As Cyrus's grocery list of questions suggests, the topic itself is not amenable to short response, and whole books are in essence aimed to address such a question. For anyone interested in conducting research on non-experimental data, I would highly suggest you read

Experimental and quasi-experimental designs for generalized causal inference by William R. Shadish, Thomas D. Cook, Donald Thomas Campbell (Also I have heard that the older versions of this text are just as good).
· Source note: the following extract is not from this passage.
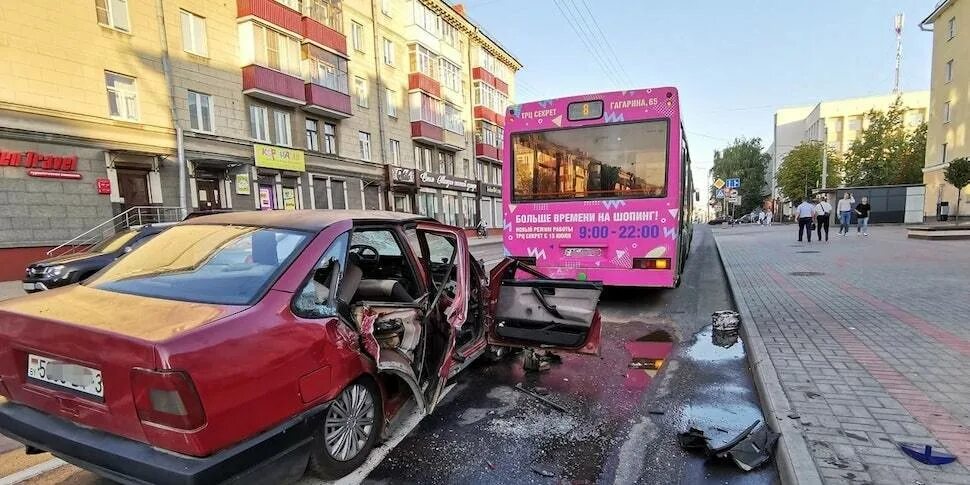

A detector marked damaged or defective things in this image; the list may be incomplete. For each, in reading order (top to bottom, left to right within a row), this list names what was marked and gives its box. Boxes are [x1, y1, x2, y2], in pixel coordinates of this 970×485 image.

Several items Jeromy referred to (bigger sample sizes, and greater methodological rigour), and everything that Cyrus mentions would be considered what Campbell and Cook refer to as "Internal Validity". These include aspects of the research design and the statistical methods used to assess the relationship between X and Y. In particular as critics we are concerned about aspects of either that could bias the results, and diminish the reliability of the findings. As this is a forum devoted to statistical analysis, much of the answers are centered around statistical methods to ensure unbiased estimates of whatever relationship you are assessing. But their are other aspects of the research design unrelated to statistical analysis that diminish the validity of the findings no matter what rigourous lengths one goes to in their statistical analysis (such as Cyrus's mention of several aspects of experiment fidelity can be addressed but not solved with statistical methods, and if they occur will always diminish the validity of the studies results). There are many other aspects of internal validity that become crucial to assess in comparing results of non-experimental studies that are not mentioned here, and aspects of research designs that can distinguish reliability of findings. I don't think it is quite appropriate to go into too much detail here, but I would often take the results of a quasi-experimental study (such as an interrupted time series or a matched case-control) more seriously than I would a study that is not quasi experimental, regardless of the other aspects Jeromy or Cyrus mentioned (of course within some reason).

Campbell and Cook also refer to the "external validity" of studies. This aspect of research design is often much smaller in scope, and does not deserve as much attention as internal validity. External validity essentially deals with the generalizability of the findings, and I would say laymen can often assess external validity reasonably well as long as they are familiar with the subject. Long story short read Shadish's, Cook's and Campbell's book.